Time to change the way we elect presidents


AS I SEE IT

BY MARIANNE HERON

The Presidential race has been a bit like that song: There were 10 green bottles hanging on the wall. What started out with a row of colourful possibilities, some welcome Bob Geldolf to Michael Flatley, others less so Conor McGregor and yer wan with the tasteless handbag, Maria Steen (baby blue, what was she thinking?).

Now with the withdrawal of FF candidate Jim Gavin we are down to just two candidates.

We have become used to having a choice since the days of President Patrick Hillery 1976-1990) when the Presidency was a shoe-in reward for service in politics. Since then the two Marys Robinson and McAleese and outgoing Michael D have done us proud, each enhanced the role of Head of State in their own unique way.

They have set the bar high, raising our expectations for an imaginative approach to the role.

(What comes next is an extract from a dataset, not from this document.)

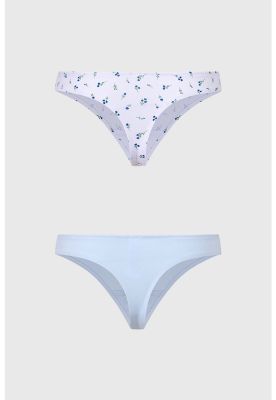 Imagen 2 del producto Calzón Mujer Bipack Colaless Liso Estampado Blanco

Now we are faced with a limited choice, one political nominee and one independent, the latter with the backing of the parties of the Left and also with Sinn Fein’s ‘game-changer’ support, when they weren’t prepared to put up a candidate of their own.

For me there’s the uncomfortable feeling that, while we are meant to be voting for an individual, the party backing the winner of next week’s election will see this as a political victory.

We need a wider choice of candidates in future and perhaps we need to change the present restrictive and cumbersome section process where, to stand, individuals must have either the backing of 20 members of the Oireachtas or four local authorities. Maybe we need a more rigorous vetting process too, to avoid candidates being felled by skeletons falling from their cupboards, for when they fall the political consequences can be far-reaching.

Campaigns, interviews and debates are meant to be a way to get to know presidential candidates better and to see how each of them might perform as head of State. It seems to me that the way TV debates are conducted currently are a very poor way to gain that kind of insight. They are more about savaging by hot shot interviewers like News talk’s Kieran Cuddihy, who fired-off a hail of accusations about missteps years in the past with little opportunity for candidates to talk about their vision for the Presidency.

The candidate who is most adept at dodging verbal bullets is likely to be seen as the winner.

Aggressive probing by interviewers can be a turn off. In the Virgin Media debate I found myself wondering if Heather Humphries’ fringe was getting in her eyes and worrying how Catherine Connolly’s likening Germany today to the Nazis arming for the Second World War and Holocaust might go down with our ally, who along with the rest of Europe is strengthening defences against Russian aggression.

We are living in extraordinary times with instability caused by President Trump’s unpredictability, with menace from Putin on our doorstep in Europe and with Israel’s eradication of Gaza, peace deal now notwithstanding. At home there is the need to pave the way for a united Ireland, (not just by pointing a ballot box at us like a Kalashnikov without building practical foundations and trust) and the need to resolve the housing and infrastructure crisis. What kind of President do we need in these circumstances?

Perhaps we need someone reassuring, capable of bringing us together in accord, rather than intellectual fireworks and searing critiques. Someone who will build social participation rather than stirring alienation and division of the kind we are seeing in Europe with populist rightwing movements like Marine Le Pen’s National Rally in France and Nigel Farage’s Reform in Britain.

We need someone who can foster unity and be prepared to encourage all the work that needs to go into making sure that it would be an Ireland inclusive of all traditions.

Ireland has changed enormously in the last 50 years: we have a new identity and we need someone to speak to who we are as a people as our last three presidents have done, uniting us rather than provoking division.

A week, a day even, can be a long time in politics. The turnout next Friday will be a barometer for our support for the electoral system. In 2018 it was just 43.9% down 12.2% – this time around it may show need for change.